Lower wages and a younger population have made Vietnam an alternative to China. In this wave of emigration out of China, Vietnam has become the biggest beneficiary. Cooperation in high-tech areas such as cloud computing and artificial intelligence was a focus during Biden’s visit, and the two sides also reached an agreement on rare earth materials. Vietnam even purchased 50 Boeing 737 MAXs for a total of $7.8 billion. Regarding the new U.S.-Vietnam semiconductor cooperation, American semiconductor giant Intel pledged to invest $1.5 billion in its largest packaging and testing factory in the suburbs of Ho Chi Minh City.

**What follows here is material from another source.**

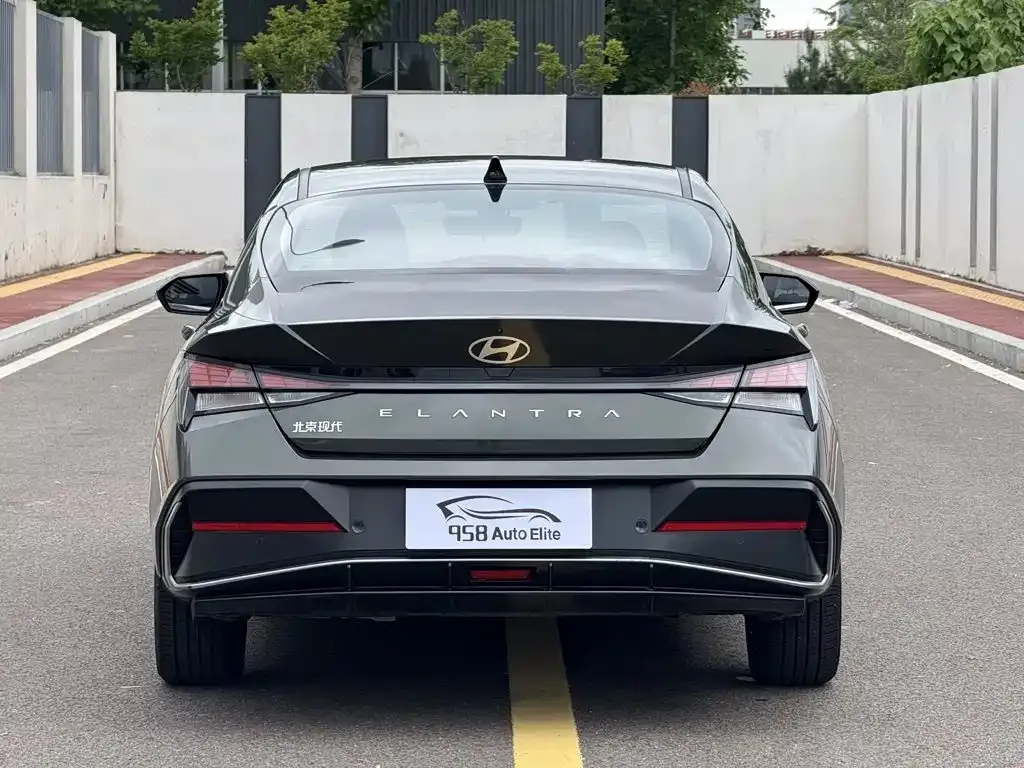 Hyundai Elantra — фото 6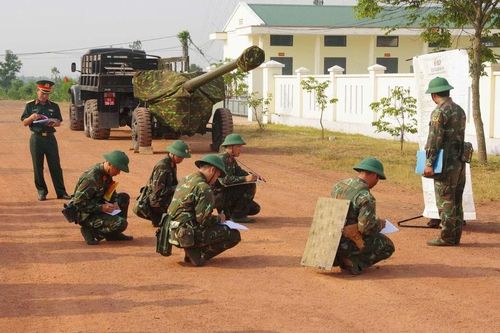 Bộ Tham mưu Quân khu 5 kiểm tra huấn luyện chiến đấu pháo binh tại Lữ đoàn 572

Currently, Taiwanese investment in Vietnam, as approved by the Investment Commission, Ministry of Economic Affairs, is $13.05 billion, making Taiwan Vietnam’s fourth largest investor. Additionally, Taiwan-Vietnam trade reached $27.75 billion in 2022, an astonishing annual growth of 24.4% that made Taiwan Vietnam’s fifth largest trade partner.

This is a golden opportunity for Taiwanese businesses in Vietnam. On the one hand, the U.S. is creating a beneficial environment, and on the other, relations between China and Vietnam remain stable. How long this opportunity will last depends on how wise the Vietnamese government is in the game between the U.S. and China.